Question

How do you solve $y=6x-4$ and $3x-2y=5$ using substitution?

Answer 1

Hint: We have two linear equations in two variables. We have to use the method of substitution to solve this system of linear equations. We will substitute one variable in one equation with its expression derived from the second equation. Then we will obtain a linear equation in one variable. Solving this equation, we will get the value of one variable. Substituting this value in one equation, we will obtain the value of the second variable.

Complete step-by-step answer:
We have a system of two linear equations in two variables. The given equations are the following,
$y=6x-4....(i)$
$3x-2y=5....(ii)$
We have to use the method of substitution to solve this system of linear equations. Let us substitute the value of $y$ from equation $(i)$ in equation $(ii)$. So, we have the following,
$3x-2\left( 6x-4 \right)=5$
Using the distributive property, we can simplify the above equation in the following manner,
$\begin{align}
  & 3x-2\times 6x+2\times 4=5 \\
 & \therefore 3x-12x+8=5 \\
\end{align}$
Solving the above equation for the variable $x$, we have
$\begin{align}
  & -9x=-3 \\
 & \therefore x=\dfrac{1}{3} \\
\end{align}$
Next, we will substitute this value of the variable $x$ in equation $(i)$ to obtain the value of the variable $y$. Substituting $x=\dfrac{1}{3}$ in equation $(i)$, we get the following,
$\begin{align}
  & y=6\left( \dfrac{1}{3} \right)-4 \\
 & \Rightarrow y=2-4 \\
 & \therefore y=-2 \\
\end{align}$
Hence, we get $x=\dfrac{1}{3}$ and $y=-2$ as the solution of the given system of linear equations.
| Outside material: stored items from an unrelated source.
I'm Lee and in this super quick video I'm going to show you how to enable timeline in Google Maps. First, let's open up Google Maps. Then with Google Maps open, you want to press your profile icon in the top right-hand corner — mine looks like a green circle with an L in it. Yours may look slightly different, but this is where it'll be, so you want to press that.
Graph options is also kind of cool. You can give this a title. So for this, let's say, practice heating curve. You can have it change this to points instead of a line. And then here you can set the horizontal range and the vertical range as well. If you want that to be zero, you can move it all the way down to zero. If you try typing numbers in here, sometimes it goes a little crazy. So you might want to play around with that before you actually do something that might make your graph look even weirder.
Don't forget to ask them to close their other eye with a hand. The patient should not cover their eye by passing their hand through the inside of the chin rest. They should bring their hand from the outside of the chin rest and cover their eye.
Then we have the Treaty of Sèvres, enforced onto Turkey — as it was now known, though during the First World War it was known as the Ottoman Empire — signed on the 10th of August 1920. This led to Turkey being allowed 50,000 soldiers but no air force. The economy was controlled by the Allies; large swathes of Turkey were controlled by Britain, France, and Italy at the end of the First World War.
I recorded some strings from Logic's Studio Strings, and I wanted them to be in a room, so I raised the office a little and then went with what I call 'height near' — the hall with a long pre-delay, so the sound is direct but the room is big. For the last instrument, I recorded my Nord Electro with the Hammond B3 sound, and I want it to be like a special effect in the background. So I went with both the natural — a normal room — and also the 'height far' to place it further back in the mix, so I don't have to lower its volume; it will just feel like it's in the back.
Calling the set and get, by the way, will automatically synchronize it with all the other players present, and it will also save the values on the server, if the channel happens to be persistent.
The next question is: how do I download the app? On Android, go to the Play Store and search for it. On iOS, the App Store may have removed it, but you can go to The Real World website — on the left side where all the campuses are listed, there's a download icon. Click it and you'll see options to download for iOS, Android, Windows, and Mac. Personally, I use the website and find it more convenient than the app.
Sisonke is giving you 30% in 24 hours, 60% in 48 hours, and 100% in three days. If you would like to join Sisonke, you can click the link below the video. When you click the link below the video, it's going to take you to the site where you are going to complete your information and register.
Note: There are other methods of solving a system of linear equations. These methods are Gauss elimination method and graphing method. In the graphing method, we draw the lines represented by the two equations and the intersection of these lines is the solution. In the Gauss elimination method, we eliminate one variable and obtain the value of the other variable. Then we substitute this value in one equation to obtain the value of the first variable.